Now, the thing here is that you want to keep the ripple voltage 'small.' A good number is within 10% of \$V_{peak}\$. From your post, I see \$V_{peak}=13.8{\mathrm V}\$

If you do the math, in order to keep the ripple voltage, say, 10% of \$V_{peak}\$, the maximum current you can draw from the rectifier is : $$ I_{load}=2(1.38{\mathrm V})(50{\mathrm{Hz}})(4700\mu{\mathrm F})$$ $$ I_{load}=0.65{\mathrm A}$$

That is the maximum current you want to draw if you want keep the ripple voltage at a maximum of \$V_{ripple}=1.38{\mathrm V}\$ or 10% of the peak voltage.

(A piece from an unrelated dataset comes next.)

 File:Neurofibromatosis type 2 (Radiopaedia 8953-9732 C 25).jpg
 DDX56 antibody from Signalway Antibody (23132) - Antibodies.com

I saw in one of your comments that you were concerned about damaging components. You won't damage them as long as they are rated to handle the voltage/current they are being provided with. The capacitor should be fine (since it is 50V), but they may be a lot of current running through the circuit at startup (when the capacitor is fully discharged). So you want to make sure your diodes are rated to handle that much current, and also check the reverse voltage ratings for those diodes.

The reverse voltage across those diodes are theoretically the same as the peak voltage for a full wave rectifier with four diodes (in your case the diodes should handle more than the 13.8 volts you are getting at the output).